- [Work task]: Could you please return each line of the data that has the word "from"?

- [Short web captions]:

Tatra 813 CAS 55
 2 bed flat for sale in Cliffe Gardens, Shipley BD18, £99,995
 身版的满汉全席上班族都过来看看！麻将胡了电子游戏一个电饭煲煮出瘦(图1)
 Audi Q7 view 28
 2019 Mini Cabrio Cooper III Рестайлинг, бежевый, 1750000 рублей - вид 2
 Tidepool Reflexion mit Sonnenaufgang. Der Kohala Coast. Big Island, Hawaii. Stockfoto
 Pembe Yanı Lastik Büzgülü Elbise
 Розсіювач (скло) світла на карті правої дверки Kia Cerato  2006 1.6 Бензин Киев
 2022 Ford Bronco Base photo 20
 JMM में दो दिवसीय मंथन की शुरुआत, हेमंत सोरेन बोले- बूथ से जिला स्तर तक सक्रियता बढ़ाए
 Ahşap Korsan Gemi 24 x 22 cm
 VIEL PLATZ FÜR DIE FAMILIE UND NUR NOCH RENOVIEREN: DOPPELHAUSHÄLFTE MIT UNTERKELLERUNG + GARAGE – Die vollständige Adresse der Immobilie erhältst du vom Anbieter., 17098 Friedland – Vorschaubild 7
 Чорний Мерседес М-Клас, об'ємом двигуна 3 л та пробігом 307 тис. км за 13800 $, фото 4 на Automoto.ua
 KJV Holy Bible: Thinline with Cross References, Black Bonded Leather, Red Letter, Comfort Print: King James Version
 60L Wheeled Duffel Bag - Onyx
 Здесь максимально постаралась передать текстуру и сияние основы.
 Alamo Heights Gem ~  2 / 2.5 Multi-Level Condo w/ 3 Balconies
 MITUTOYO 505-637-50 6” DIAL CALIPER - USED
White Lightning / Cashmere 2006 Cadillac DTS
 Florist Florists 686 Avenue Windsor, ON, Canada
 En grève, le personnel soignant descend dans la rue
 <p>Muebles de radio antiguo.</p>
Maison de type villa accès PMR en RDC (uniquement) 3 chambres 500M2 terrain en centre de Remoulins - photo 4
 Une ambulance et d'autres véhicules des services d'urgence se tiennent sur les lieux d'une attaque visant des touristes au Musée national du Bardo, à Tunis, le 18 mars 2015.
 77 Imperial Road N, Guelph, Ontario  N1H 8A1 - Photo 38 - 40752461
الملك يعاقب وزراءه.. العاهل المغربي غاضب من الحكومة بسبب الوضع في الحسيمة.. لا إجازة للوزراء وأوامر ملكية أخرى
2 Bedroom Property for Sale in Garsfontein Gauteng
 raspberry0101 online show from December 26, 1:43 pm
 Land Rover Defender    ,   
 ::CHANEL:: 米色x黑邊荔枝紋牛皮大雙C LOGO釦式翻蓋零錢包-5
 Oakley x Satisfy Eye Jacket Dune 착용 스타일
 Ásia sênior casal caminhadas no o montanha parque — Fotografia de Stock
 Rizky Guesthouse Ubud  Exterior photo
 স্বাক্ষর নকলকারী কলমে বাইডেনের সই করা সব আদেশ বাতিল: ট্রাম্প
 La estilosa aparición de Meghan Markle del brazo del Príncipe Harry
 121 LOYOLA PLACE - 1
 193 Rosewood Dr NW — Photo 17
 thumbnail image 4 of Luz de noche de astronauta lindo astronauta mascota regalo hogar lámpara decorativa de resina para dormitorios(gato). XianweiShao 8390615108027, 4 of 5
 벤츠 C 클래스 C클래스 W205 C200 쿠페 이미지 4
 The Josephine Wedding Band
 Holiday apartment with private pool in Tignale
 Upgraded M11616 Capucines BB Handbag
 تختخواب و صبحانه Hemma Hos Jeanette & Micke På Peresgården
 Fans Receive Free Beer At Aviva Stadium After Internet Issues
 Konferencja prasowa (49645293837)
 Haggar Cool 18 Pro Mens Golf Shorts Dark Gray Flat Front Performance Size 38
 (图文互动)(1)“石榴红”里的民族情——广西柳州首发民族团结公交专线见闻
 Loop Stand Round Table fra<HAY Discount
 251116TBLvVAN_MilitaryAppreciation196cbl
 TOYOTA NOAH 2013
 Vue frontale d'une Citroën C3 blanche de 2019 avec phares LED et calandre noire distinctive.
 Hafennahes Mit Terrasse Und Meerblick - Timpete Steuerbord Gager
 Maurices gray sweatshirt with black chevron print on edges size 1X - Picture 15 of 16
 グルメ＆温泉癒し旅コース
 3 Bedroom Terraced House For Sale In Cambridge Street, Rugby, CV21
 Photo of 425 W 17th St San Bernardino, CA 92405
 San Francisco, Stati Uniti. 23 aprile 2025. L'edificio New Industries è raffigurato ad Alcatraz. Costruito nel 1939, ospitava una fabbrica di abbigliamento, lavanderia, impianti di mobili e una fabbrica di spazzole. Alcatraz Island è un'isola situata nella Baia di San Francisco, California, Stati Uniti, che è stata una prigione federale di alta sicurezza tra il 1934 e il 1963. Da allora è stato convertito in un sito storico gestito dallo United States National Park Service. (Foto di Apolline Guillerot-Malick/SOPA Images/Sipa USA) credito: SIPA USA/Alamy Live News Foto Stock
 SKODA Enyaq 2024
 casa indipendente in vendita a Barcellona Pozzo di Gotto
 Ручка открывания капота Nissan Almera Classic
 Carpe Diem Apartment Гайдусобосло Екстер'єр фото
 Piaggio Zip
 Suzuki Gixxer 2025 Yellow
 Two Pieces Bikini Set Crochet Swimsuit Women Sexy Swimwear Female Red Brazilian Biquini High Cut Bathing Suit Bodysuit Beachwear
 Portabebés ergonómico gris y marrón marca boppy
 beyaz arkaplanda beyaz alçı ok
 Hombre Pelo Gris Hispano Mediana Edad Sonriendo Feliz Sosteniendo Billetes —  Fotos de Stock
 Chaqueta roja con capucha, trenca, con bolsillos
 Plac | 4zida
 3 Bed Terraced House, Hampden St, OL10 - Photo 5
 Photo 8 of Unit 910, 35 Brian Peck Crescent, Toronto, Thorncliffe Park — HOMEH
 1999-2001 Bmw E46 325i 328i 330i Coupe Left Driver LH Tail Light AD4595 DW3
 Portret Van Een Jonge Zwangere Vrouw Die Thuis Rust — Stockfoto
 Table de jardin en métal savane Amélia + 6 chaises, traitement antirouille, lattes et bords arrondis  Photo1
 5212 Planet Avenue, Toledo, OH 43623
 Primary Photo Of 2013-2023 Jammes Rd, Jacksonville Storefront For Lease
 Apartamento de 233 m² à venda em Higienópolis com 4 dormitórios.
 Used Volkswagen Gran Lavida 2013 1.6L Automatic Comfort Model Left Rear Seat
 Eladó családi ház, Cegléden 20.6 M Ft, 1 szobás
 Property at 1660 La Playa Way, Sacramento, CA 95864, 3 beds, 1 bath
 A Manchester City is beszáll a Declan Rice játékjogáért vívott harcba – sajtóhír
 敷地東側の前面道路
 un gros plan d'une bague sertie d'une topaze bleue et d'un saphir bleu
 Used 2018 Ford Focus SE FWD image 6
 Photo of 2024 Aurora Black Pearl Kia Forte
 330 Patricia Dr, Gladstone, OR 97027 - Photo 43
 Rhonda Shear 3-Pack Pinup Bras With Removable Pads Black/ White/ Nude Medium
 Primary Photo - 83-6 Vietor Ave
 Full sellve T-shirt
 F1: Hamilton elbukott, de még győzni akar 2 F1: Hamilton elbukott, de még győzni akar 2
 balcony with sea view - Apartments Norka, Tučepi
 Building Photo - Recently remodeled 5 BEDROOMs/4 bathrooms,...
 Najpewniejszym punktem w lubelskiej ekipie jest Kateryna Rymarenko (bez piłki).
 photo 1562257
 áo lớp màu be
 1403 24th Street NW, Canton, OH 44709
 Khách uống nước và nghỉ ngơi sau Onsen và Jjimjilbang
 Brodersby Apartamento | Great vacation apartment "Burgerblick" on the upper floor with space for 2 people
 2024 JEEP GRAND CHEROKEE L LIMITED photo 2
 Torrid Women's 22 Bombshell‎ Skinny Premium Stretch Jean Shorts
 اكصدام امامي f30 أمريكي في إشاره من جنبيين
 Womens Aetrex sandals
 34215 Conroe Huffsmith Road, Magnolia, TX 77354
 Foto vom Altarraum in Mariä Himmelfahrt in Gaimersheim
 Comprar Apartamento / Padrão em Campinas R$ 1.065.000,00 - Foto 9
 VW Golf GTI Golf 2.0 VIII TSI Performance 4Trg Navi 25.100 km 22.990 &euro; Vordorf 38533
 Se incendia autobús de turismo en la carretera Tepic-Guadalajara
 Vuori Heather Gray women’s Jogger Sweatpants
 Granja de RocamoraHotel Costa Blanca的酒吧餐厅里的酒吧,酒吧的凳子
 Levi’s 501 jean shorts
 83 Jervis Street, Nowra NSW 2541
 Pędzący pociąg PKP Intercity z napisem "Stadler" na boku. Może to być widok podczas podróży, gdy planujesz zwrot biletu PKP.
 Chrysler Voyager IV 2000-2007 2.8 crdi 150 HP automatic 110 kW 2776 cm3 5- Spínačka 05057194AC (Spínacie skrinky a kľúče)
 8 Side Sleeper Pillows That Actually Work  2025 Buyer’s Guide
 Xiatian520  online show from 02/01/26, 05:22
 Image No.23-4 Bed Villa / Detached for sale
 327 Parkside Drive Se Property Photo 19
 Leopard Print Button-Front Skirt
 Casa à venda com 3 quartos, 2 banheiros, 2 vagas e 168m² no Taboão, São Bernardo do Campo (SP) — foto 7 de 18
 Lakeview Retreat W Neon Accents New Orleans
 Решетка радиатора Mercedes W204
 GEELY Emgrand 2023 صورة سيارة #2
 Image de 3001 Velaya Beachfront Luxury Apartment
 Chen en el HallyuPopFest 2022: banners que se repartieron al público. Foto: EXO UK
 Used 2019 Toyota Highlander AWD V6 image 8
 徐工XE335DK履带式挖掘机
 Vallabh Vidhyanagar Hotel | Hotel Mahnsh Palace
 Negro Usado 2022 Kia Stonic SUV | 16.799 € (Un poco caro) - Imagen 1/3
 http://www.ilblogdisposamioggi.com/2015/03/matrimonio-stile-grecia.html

- [Output]:
 raspberry0101 online show from December 26, 1:43 pm
 Xiatian520  online show from 02/01/26, 05:22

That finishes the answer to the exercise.